The court found that while the fences around the beehives prevented the entry of domestic animals and cattle, they could not prevent the entry of a bear.

"No regulation states how a beehive should be fenced, nor does the defendant refer to such a regulation or applicable standards in the Republic of Macedonia, so that it can be accepted that the plaintiff has not acted in the prescribed manner,” the court stated.

“They called the Regional Office of the Ministry of Agriculture with a claim that a bear had eaten a cow. When we arrived on the spot, there was an animal skeleton, but nobody was sure whether the animal had been attacked by a bear, a wolf, or dogs, or had just died,” a member of the local Commission from the Ministry of Agriculture recalled.

“The Commission compiled a record of the killed animal, and later with an expert, who made an report based on our records and the claim of the owner, they received a verdict that the damage was done by the bear.”

The commission assessing damages done by bears contains three members, one of whom is always an inspector for forestry and hunting, while the other two are employed in the local unit of the agriculture ministry.

A member of the commission, who asked to remain anonymous explained a typical situation in the western town of Debar.

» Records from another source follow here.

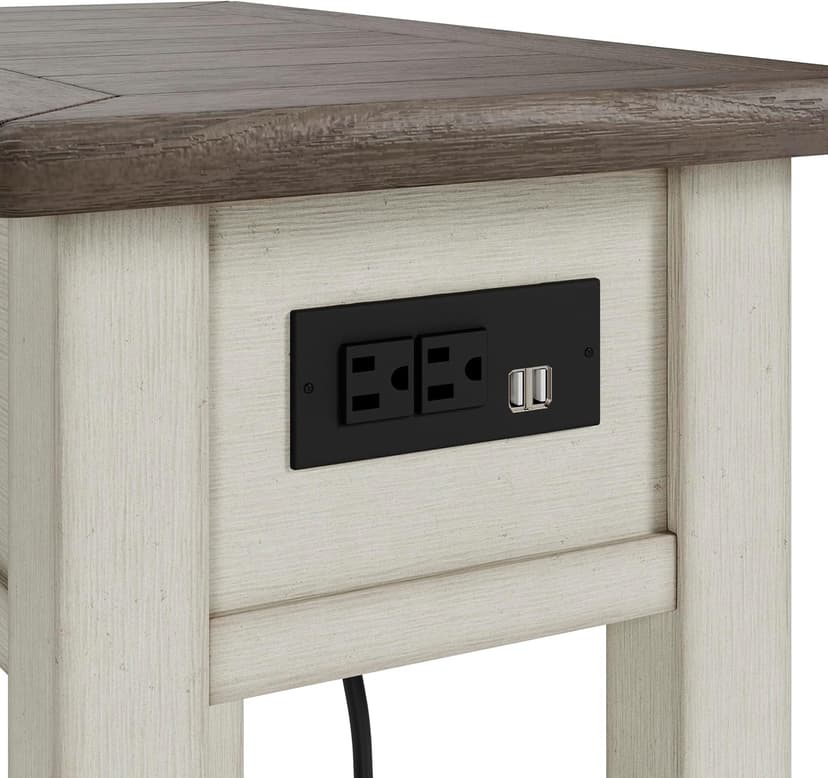 Signature Design by Ashley Bolanburg Farmhouse Chair Side End Table, Light Brown & Whitewash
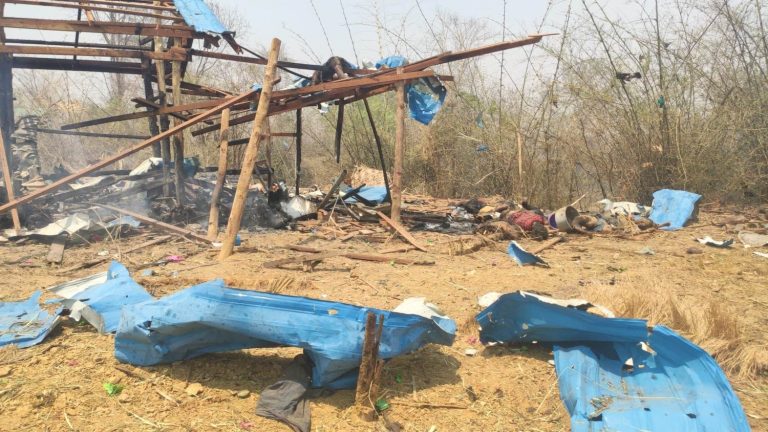 Wreckage from the junta air strike in Pazi Gyi village of Kantbalu Township on Tuesday. (Facebook)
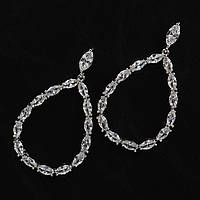 Сережки гвоздики пусеети біле золото з камінням цирконами в оправі по колу довжина 40 мм діаметр 25 мм 925 S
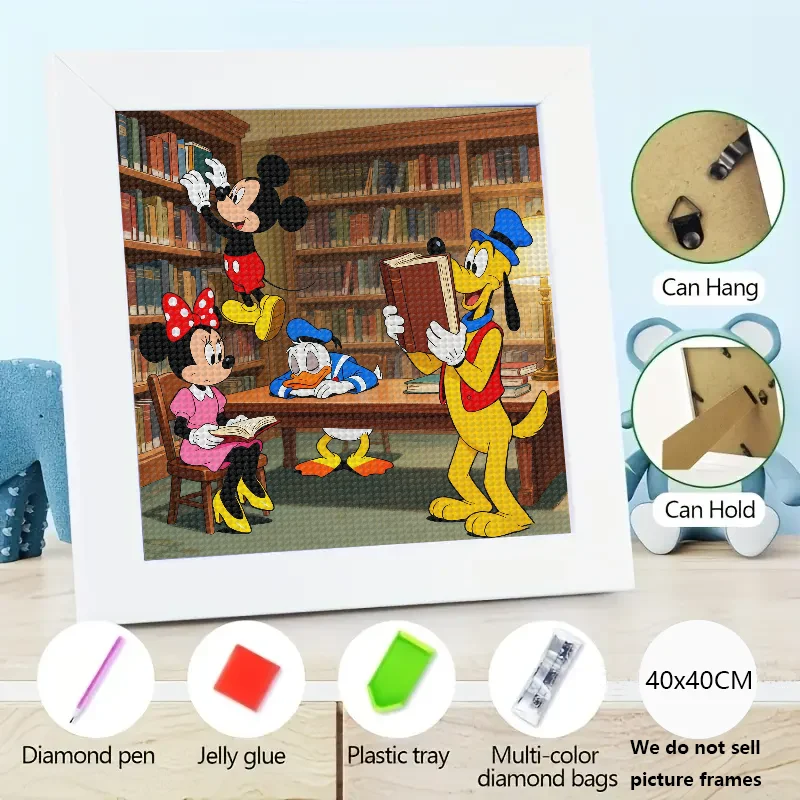 

DIY 5D Full Drill Diamond Painting Kit, Disney Микки Маус Минни Дональд Дак Плутон Чтение в библиотеке Сцена Настенное искусство, мультфильм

“When I joined the Commission for damages done by game [wild animals’, I faced a series of threats, because until then, according to the locals, the minutes were compiled in the offices of the ministry, where the citizens came to report,” he recalled.

“When I demanded to go and see the damage, many of them give up [the claim], which shows they were making false claims,” he added.

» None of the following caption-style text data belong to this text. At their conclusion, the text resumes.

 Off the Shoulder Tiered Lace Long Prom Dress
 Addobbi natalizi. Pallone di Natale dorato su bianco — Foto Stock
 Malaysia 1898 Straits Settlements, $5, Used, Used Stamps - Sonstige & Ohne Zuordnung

“There were also examples of destroyed crops of potatoes, corn or pepper on ten square meters, where they wanted to record that the whole field was destroyed, convincing me that the bear would come again to eat the rest…

“On this, we told them that if a bear did come, they should report that, so if we could make a record of each damage done, every day.”

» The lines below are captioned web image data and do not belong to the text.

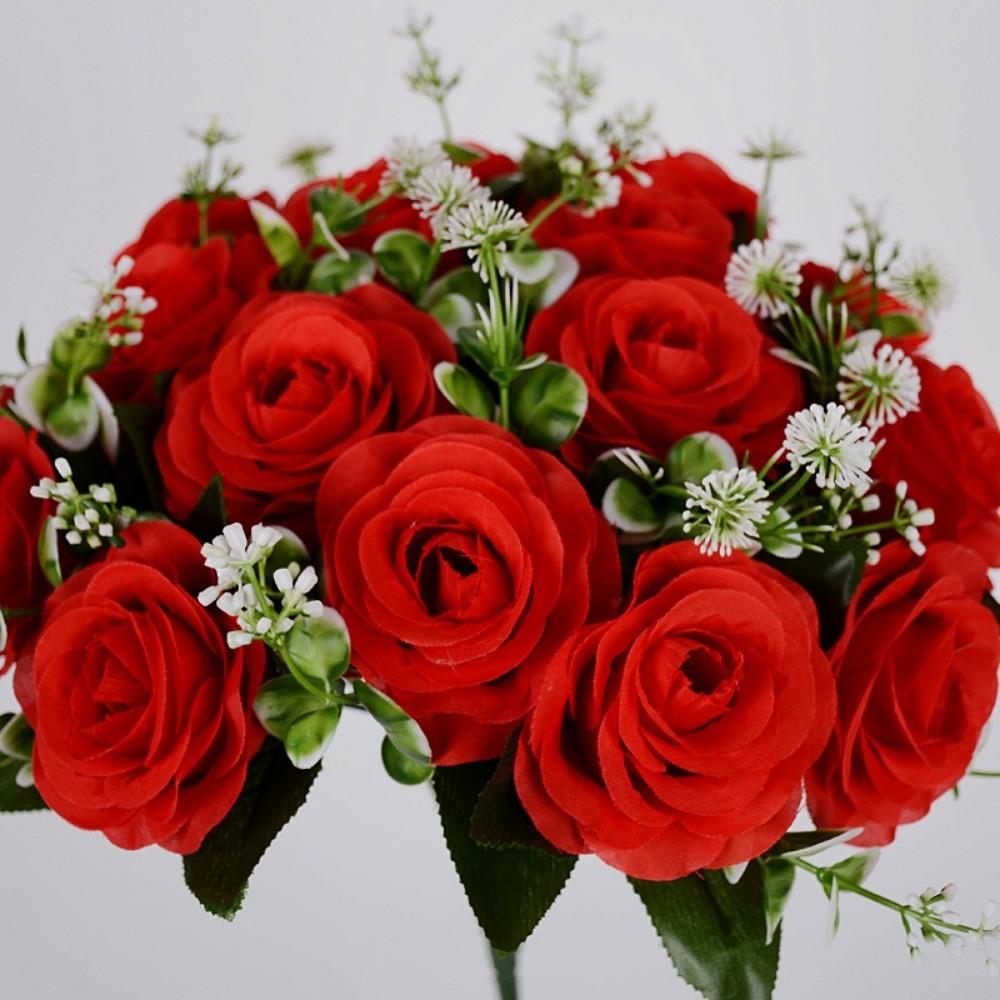 18 Heads Real Happy Flower 6 Colors Mini Natural Simulated Rose Photography Photo Gift Rose Flowers Decorative Home Decorative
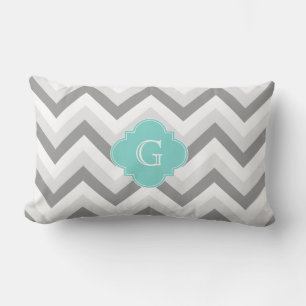 Lt Two Grey White Zickzack Aqua Monogram Lendenkissen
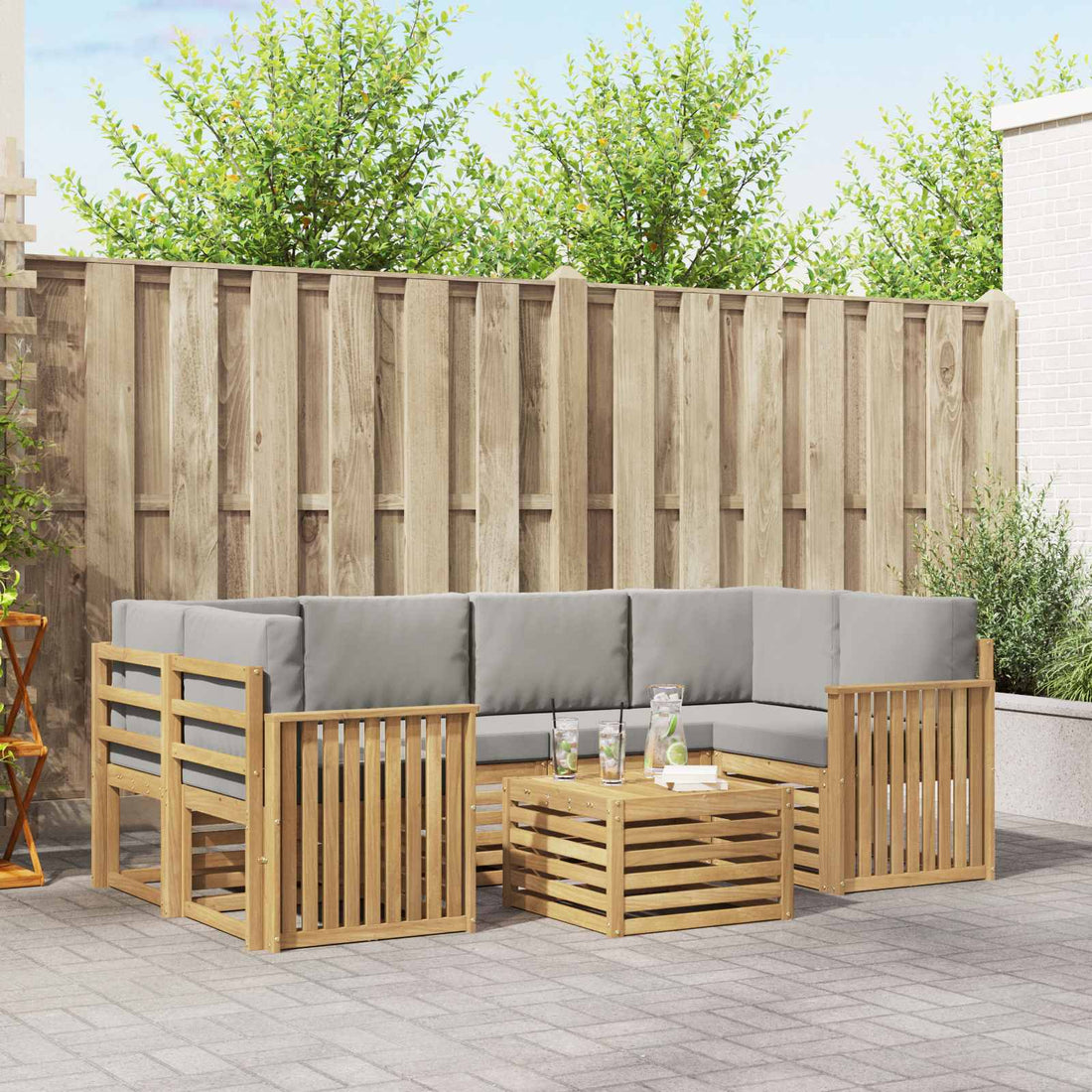 vidaXL Conjunto de sofás de exterior 7 uds. Blanco y Gris Claro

The BIRN investigation showed that, in most such cases, the courts accept claims for damages done by bears, and that such verdicts were confirmed by the appeal courts in Bitola and in Gostivar.

None of the verdicts came under review at the Supreme Court to ascertain the position of the highest court on this issue.

The state, through the Ombudsman, usually disputed the claims of the people who said a bear had eaten their bees, cherries or livestock. But the courts usually rejected those arguments.

In one case, in the town of Ohrid, the court accepted that a bear had eaten cherries simply because of the broken branches on the tree. It ordered the lost income from cherries for the next six years to be paid as damages to the owner.

Less than 400 bears do a lot of damage:

 


Updates to the register of the number of bears in Macedonia are carried out once every 10 years.

According to the last update, from 2010, which remains valid until 2020, there are between 371 and 381 bears in Macedonia, not counting cubs under the age of two.

The bear population is tracked by the Institute for Forest Management, as part of the Makedonski Sumi [Macedonian Forests] public enterprise, and there is a map of hunting grounds in Macedonia, which states how many bears live in each hunting zone.

The number is largest in the national parks, where there is less chance of poaching.

By contrast, data show that the western region around the town of Debar is notorious for poaching bears, some of whom have died after being caught in traps.

Several bears have also been recorded as killed by vehicles on the roads in western Macedonia.